An 80-year-old man had a medical history of cognitive decline, under treatment with memantine, donepezil, and quetiapine; hyperuricemia; squamous cell cancer of the left lung, stage IIIa, undergoing treatment with 5 sessions of chemotherapy and 30 sessions of radiotherapy; and dysphagia associated with secondary mucositis, seen in a previous hospitalization by the otorhinolaryngology service, assessing swallowing dynamics that required the placement of a gastrostomy tube 6 days prior to his current illness.
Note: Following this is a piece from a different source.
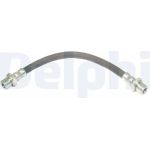 Delphi LH6478 Bremsschlauch Delphi LH6478 Bremsschlauch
He sought medical attention at the emergency service due to inability to eat, feculent vomiting, increased abdominal perimeter, generalized colicky abdominal pain, and failure to pass gas or defecate, 4 days earlier. He was admitted to the hospital for endovenous hydration. The general laboratory work-up showed azotemia and fluid and electrolyte imbalance. Plain abdominal x-ray in two positions identified dilation of small bowel segments and the gastric chamber secondary to impaction of contrast material in the ascending colon, sigmoid colon, and rectum (Fig. 1A). An abdominal computed tomography scan revealed lower intestinal occlusion, with no evidence of a transition zone, and the presence of baroliths in the ileocecal valve and rectum (Fig. 1B and C). Manual disimpaction and oil enemas were unsuccessful due to pain and lack of cooperation. Evaluation under sedation was programmed. Fragmentation was carried out using a 25 mm Dormia basket, with the area irrigated with 2 liters of saline solution via an infusion pump. The fragments were then extracted using the basket, and the remaining residue was digitally removed, achieving total disimpaction under direct vision with flexible colonoscopy. This procedure identified stercoraceous ulcers in the rectum (Fig. 2A–D). Osmotic laxatives were administered to mobilize the barium from the ileocecal valve and facilitate its spontaneous evacuation (Fig. 1D). The patient tolerated oral diet and was discharged to his home with no complications.
Baroliths. (A) X-ray at admission showing contrast material in the ileocecal valve and rectum, along with dilation of small bowel segments and the gastric chamber. (B and C) Abdominal tomography scan showing baroliths in the ileocecal valve and rectum, with the characteristic artifact effect of barium contrast medium. (D) X-ray showing the absence of the baroliths in the colon.
This scientific letter rigorously meets the ethical conditions required for bioethical research and has obtained the necessary authorization from the corresponding ethics committee. It should be noted that, to protect patient privacy, informed consent was not obtained, as no personally identifiable information was included in the article.
Financial disclosureNo financial support was received in relation to this article.
The authors declare that there is no conflict of interest.